A regression analysis is performed in the following code using three different models: Linear Regression, Lasso Regression, and Ridge Regression. Calculate the AIC (Akaike Information Criterion) and BIC (Bayesian Information Criterion) for each model by completing the ```calculate_aic_bic``` function.

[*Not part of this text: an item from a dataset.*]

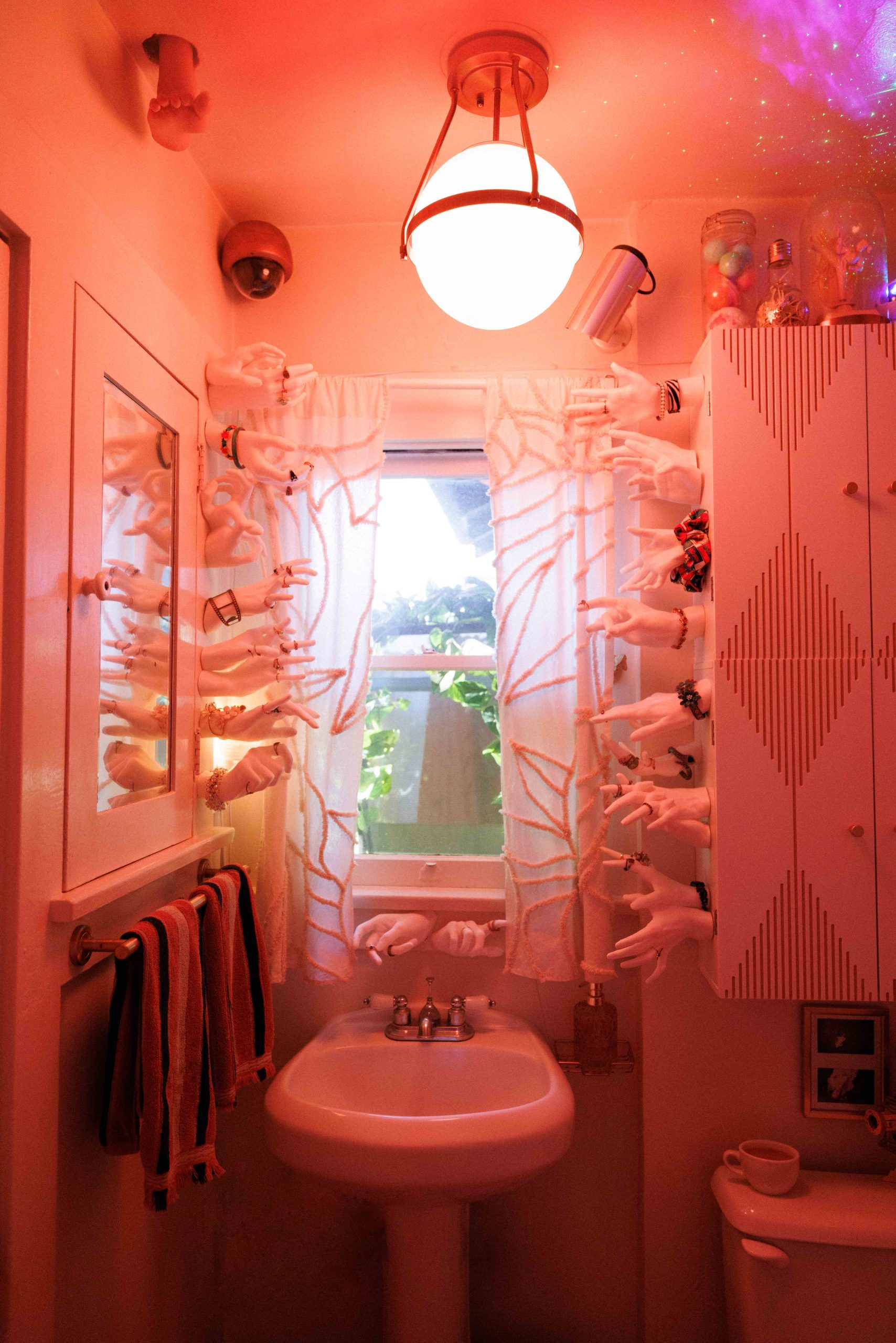 Bathroom lit in red, with security cameras and rows of mannequin hands around the sink and window.
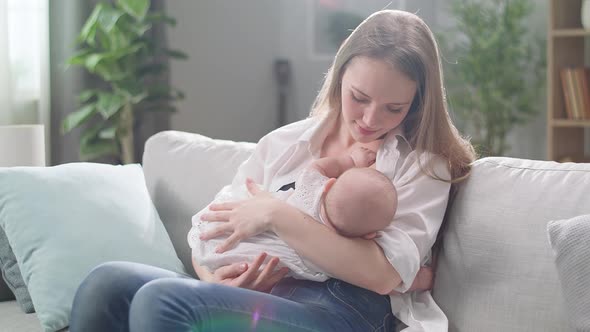 Mom Breastfeeds Her Little Daughter in the Morning Sun in the Living Room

*For more information, refer to **4.8  Tuning Model Complexity: Bias/Variance Dilemma** section of **Introduction to Machine Learning, 4th Edition, The MIT Press, 2020** by Ethem Alpaydın and Lecture 05: Parametric Method slides from class.*

*Further reading on https://vitalflux.com/aic-vs-bic-for-regression-models-formula-examples/*

In [1]:
import numpy as np
from sklearn.model_selection import train_test_split
from sklearn.linear_model import LinearRegression, Lasso, Ridge
from sklearn.metrics import mean_squared_error
from tabulate import tabulate

def calculate_aic_bic(y_true, y_pred, num_params, n):
    mse = mean_squared_error(y_true, y_pred)
    log_likelihood = -0.5 * len(y_true) * np.log(2 * np.pi * mse) - 0.5 * len(y_true)
    ############################################################
    #Edit the following code
    aic = 2 * num_params - 2 * log_likelihood
    bic = np.log(n) * num_params - 2 * log_likelihood
    ############################################################
    return aic, bic, mse

# Generating sample data
np.random.seed(42)
X = np.random.rand(100, 5)
y = 2*X[:, 0] + 3*X[:, 1] - 4*X[:, 2] + np.random.randn(100)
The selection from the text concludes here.